Çin’den Türkiye’ye Ekonomik Tehdit
02 Mart 2019

Çin’den Türkiye’ye Ekonomik Tehdit

Reuters, Deutsche Welle

Köklü Değişim Medya

Komünist Çin yönetimi, Türkiye’nin Doğu Türkistan’daki zulmü eleştirmesi üzerine ekonomik tehditte bulundu. Taklid ürünleriyle tanınan Çin, siyasi tehdit üslubunda ABD’nin izinden gidiyor. Hatırlanacağı üzere Papaz Brunson davasında, Türkiye ekonomik tehditlere maruz kalmış, Trump bir konuşmasında ‘Onu bırakmalısınız’ dedim. Daha sonra ‘Onu bıraksanız iyi olur’ dedim ve onu bıraktılar açıklamasında bulunmuştu. Türkiye’nin Kuzey Suriye’deki PYD/PKK terör örgütüne operasyon kararı alması üzerine Trump, “Kürtleri vurursa Türkiye’yi ekonomik olarak mahvedeceğiz” tehdidini tekrarlamış ve operasyondan vazgeçilmişti. ABD, Çin ve Rusya, Türkiye ile ilişkilerde sık sık bu tehditleri siyasi enstrüman olarak kullanmayı alışkanlık haline getirdi.

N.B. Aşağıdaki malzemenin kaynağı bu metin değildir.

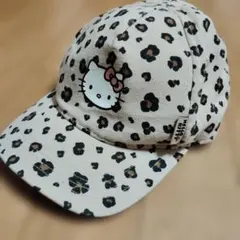 H&M　ハローキティ　ヒョウ柄　キャップ　帽子　エイチアンドエム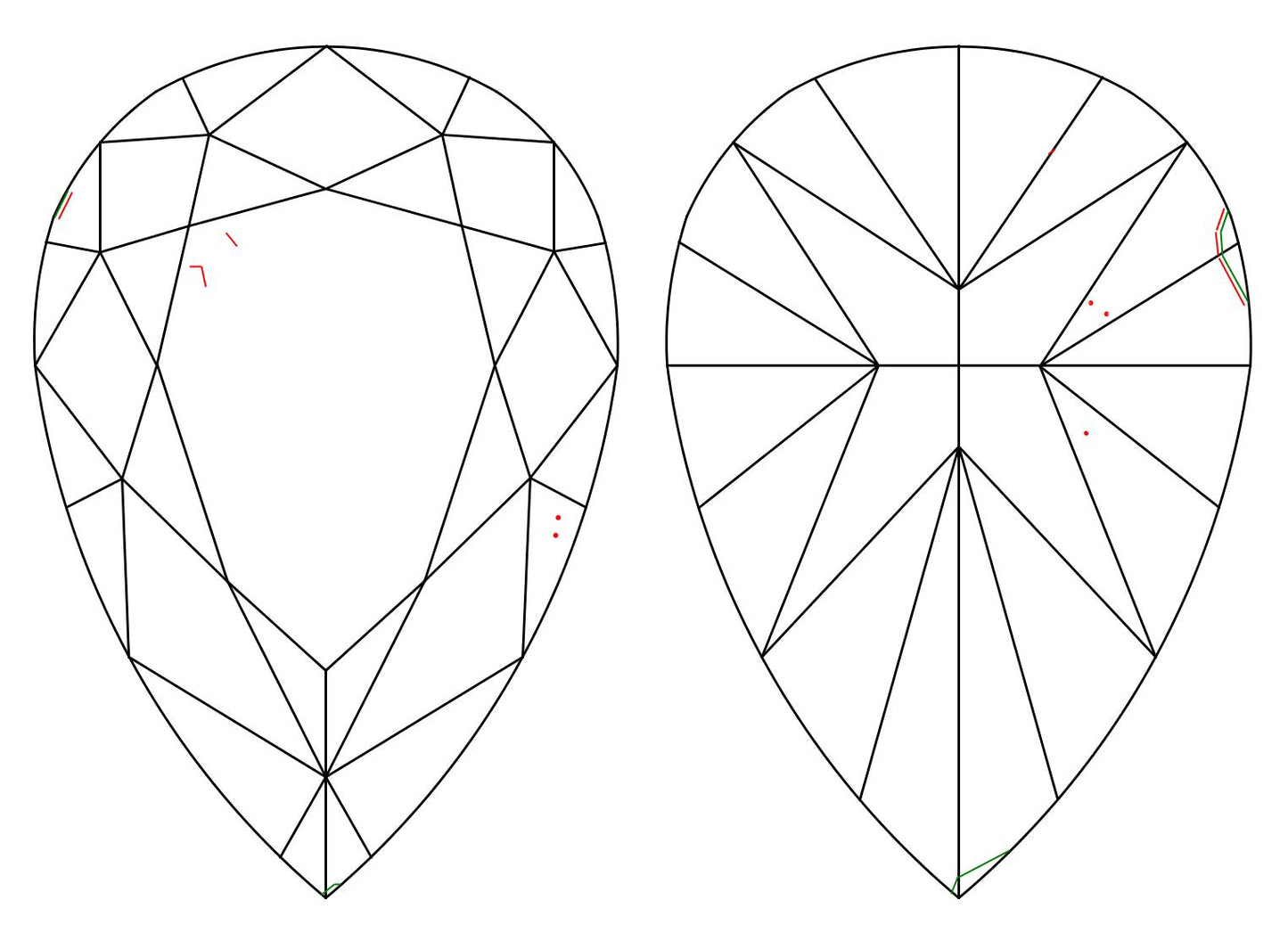 GIA 1.01 D-VVS2 Pear Diamond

Çin'in Ankara Büyükelçisi, Türkiye'nin Pekin'in Müslüman Uygur Türklerine yönelik politikasına dair söylemlerinin ekonomik ilişkilerin geleceğini tehlikeye atabileceği tehdidinde bulundu.

Büyükelçi Deng Li, Reuters haber ajansına verdiği röportajda Çinli şirketlerin nükleer enerji de dahil olmak üzere Türkiye'deki enerji ve altyapı sektörlerinde yatırımlar planladığını hatırlatarak, "Dostlar arasında anlaşmazlıklar veya yanlış anlaşılmalar olabilir ancak bunları diyalog yoluyla çözmeliyiz. Dostunuzu sürekli kamuoyu önünde eleştirmek yapıcı bir yaklaşım değil" diyerek uyardı.

Deng, yapıcı olmayan bir yöntemin karşılıklı güveni sarsacağını ve bunun da ekonomik ve ticari ilişkilere yansıyacağını vurguladı.

Çinli Şirketler Yatırım Fırsatı Arıyor

Geçen yıl Türkiye'deki e-ticaret sitesi Trendyol'u satın alan Çin'in dünya çapındaki e-ticaret şirketi Alibaba'nın yanısıra, çok sayıda Çinli şirketin Türk Lirası'ndaki değer kaybının yarattığı fırsattan yararlanmak için Türkiye'de yatırım görüşmeleri yaptığı belirtiliyor.

Türkiye’nin Yumuşak Karnı: Ekonomi

Devletlerarası arenada Türkiye’nin yumuşak karnının ekonomik zafiyet olduğu, Trump’ın tehditleriyle iyiden iye ifşa olması, Türkiye ile sorunu olan devletlerin bu yola başvurmasının yolunu açtı. Reel politik ve konjonktür terimlerinin bolca kullanılması, ekonomik tehditler karşısında düşülen durumun maskelenmesine yönelik enstrümanlar olarak göze çarpıyor. ABD, Çin ve Rusya, Türkiye ile ilişkilerde sık sık bu tehditlere başvuruyor.

Büyükelçi Deng, Çin Endüstri ve Ticaret Bankası'nın 2015'te Tekstilbank'ı satın almasının ardından bugün birçok Çin bankasının Türkiye'de yatırım düşündüğünü kaydetti. Yıllık 50 milyar dolardan fazla cari açık veren Türkiye'nin Çin'e karşı dış ticaret açığı da 17 milyar dolar civarında.

Ekonomik ilişkilerin gelişmesi için diplomatik ve siyasi ilişkileri korumak gerektiğini belirten Büyükelçi Deng, bunu Dışişleri Bakanı Mevlüt Çavuşoğlu'na da aktardığını belirtti.

BM'de Çin'e Doğu Türkistan Tepkisi

Çavuşoğlu, Salı günü Birleşmiş Milletler (BM) İnsan Hakları Konseyi oturumunda yaptığı konuşmada, Çin'in Uygur Türkleri ile diğer Müslüman azınlıklara yönelik hak ihlallerinin ciddi endişe kaynağı olduğunu ifade etmişti.

Çavuşoğlu, Çin'den, dini özgürlükler ve kültürel kimliklerin korunması başta olmak üzere evrensel insan haklarına saygı duymasını beklediklerini söylemişti.